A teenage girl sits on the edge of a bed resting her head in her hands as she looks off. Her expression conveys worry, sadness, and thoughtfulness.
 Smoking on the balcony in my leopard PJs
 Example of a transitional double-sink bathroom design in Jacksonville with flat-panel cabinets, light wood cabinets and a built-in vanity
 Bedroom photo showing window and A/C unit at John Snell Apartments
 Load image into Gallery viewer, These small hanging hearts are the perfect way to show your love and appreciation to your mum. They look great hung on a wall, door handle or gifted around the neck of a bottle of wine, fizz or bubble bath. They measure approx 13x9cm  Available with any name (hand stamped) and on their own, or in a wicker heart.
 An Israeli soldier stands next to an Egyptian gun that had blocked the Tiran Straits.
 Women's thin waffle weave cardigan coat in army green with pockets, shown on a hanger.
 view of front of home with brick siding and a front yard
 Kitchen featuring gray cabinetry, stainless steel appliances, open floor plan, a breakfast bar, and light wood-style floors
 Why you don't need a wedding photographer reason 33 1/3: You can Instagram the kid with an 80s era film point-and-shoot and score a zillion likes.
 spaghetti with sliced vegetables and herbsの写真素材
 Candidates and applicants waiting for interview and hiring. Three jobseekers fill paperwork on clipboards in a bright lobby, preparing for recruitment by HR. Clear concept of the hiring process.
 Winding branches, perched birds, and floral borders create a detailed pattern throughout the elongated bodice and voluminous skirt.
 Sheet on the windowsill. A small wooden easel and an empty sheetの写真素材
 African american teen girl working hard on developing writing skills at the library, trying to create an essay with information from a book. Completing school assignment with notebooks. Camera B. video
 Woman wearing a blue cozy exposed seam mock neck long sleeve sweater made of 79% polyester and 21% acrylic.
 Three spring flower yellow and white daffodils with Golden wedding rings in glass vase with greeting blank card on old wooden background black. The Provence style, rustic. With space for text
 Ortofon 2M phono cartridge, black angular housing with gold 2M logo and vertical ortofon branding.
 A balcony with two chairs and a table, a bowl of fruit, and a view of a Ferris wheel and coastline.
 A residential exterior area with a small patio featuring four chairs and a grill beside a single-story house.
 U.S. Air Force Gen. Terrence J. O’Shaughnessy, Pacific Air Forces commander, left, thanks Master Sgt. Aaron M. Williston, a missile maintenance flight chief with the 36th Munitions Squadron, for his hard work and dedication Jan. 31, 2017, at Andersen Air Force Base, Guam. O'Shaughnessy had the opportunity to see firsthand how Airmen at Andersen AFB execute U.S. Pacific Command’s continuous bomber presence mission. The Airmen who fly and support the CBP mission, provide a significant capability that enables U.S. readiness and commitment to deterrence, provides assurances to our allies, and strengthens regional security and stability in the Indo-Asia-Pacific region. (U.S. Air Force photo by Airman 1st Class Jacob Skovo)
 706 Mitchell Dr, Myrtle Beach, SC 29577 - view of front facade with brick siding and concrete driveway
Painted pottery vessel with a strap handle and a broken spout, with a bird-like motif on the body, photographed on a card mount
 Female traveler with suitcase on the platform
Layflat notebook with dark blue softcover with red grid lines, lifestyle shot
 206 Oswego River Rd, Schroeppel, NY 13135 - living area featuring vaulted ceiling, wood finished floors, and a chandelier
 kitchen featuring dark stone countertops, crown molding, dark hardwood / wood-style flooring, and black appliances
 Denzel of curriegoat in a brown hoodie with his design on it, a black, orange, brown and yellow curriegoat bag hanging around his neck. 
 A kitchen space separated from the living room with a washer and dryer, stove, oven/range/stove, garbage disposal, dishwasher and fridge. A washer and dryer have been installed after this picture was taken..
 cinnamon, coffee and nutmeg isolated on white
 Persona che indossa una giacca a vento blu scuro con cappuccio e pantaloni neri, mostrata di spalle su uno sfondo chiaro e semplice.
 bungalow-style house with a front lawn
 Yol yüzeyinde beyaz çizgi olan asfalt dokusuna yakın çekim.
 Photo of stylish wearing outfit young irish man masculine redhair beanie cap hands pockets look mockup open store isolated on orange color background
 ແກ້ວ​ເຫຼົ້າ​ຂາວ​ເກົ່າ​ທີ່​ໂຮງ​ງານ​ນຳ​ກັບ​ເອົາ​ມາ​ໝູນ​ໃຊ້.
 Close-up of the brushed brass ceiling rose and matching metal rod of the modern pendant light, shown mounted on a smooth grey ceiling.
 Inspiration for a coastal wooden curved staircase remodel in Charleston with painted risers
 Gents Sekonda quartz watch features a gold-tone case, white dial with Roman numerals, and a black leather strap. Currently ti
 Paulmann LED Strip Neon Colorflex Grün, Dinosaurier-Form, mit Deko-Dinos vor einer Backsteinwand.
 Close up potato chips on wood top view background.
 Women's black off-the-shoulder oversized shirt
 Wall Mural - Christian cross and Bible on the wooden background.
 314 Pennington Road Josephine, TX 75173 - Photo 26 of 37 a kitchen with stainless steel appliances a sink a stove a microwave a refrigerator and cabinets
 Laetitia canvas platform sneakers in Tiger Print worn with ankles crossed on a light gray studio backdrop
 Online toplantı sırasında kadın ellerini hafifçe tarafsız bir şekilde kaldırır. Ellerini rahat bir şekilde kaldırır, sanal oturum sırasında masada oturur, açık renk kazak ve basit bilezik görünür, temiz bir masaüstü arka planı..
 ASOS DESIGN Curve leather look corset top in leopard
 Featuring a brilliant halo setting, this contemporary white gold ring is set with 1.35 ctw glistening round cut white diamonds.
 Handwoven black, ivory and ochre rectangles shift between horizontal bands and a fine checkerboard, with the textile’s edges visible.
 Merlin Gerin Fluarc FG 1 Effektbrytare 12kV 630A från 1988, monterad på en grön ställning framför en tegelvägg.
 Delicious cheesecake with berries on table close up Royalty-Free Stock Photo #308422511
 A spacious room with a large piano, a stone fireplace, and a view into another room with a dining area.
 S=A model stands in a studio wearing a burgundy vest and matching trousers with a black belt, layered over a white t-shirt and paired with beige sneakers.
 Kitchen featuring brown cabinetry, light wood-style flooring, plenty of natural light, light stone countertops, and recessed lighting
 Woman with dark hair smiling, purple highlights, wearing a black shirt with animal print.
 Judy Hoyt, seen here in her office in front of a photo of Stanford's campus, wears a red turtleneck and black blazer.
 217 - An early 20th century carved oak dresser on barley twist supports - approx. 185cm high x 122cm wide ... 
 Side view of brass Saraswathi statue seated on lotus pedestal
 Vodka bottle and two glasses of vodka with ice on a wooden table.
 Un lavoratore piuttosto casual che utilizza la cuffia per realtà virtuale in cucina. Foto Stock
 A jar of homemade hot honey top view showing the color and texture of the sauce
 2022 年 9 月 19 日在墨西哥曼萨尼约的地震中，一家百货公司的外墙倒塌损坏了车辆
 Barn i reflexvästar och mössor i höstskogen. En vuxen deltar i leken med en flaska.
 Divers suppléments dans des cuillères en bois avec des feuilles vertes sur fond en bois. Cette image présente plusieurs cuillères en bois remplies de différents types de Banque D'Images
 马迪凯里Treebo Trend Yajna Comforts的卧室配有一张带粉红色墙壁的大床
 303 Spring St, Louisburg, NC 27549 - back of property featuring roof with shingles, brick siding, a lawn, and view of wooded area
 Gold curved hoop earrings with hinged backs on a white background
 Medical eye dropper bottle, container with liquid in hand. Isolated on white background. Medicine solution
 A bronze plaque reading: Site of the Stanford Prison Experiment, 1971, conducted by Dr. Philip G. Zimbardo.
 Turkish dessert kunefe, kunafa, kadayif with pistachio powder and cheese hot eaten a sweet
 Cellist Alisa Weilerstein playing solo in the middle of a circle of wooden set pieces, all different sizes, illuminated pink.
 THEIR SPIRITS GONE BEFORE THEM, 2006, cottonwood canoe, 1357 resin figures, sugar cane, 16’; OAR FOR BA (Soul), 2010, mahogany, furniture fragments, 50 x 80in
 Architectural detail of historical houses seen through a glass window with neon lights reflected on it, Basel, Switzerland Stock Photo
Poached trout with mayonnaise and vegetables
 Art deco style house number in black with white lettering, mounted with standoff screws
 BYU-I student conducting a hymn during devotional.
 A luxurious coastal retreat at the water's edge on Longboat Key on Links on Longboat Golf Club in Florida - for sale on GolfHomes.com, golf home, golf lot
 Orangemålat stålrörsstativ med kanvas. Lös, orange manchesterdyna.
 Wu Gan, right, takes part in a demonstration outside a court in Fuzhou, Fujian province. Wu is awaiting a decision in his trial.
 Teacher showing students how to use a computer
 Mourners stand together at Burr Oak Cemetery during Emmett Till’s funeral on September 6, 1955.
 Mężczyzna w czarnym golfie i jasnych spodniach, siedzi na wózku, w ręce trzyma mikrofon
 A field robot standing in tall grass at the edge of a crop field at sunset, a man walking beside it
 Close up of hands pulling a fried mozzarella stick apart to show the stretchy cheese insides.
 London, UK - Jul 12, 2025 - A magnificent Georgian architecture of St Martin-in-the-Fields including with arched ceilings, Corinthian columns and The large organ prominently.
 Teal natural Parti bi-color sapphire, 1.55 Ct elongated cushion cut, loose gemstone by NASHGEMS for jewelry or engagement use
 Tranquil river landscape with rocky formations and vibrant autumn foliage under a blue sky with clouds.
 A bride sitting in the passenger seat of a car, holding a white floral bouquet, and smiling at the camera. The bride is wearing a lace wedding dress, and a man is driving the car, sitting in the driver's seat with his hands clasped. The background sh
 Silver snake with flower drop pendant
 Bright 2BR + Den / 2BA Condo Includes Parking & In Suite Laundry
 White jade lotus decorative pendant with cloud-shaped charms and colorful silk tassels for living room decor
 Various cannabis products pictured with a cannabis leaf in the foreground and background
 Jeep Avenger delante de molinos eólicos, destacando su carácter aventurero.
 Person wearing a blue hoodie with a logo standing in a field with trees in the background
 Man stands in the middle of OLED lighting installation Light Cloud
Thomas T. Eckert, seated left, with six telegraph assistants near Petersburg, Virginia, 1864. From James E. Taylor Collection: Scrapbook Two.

Problem
From the listing above, return the lines starting at the one with "Wall Mural - Christian" and ending at the one with "ASOS DESIGN Curve", both kept, exactly as they appear and nothing more.

Solution to this task
 Wall Mural - Christian cross and Bible on the wooden background.
 314 Pennington Road Josephine, TX 75173 - Photo 26 of 37 a kitchen with stainless steel appliances a sink a stove a microwave a refrigerator and cabinets
 Laetitia canvas platform sneakers in Tiger Print worn with ankles crossed on a light gray studio backdrop
 Online toplantı sırasında kadın ellerini hafifçe tarafsız bir şekilde kaldırır. Ellerini rahat bir şekilde kaldırır, sanal oturum sırasında masada oturur, açık renk kazak ve basit bilezik görünür, temiz bir masaüstü arka planı..
 ASOS DESIGN Curve leather look corset top in leopard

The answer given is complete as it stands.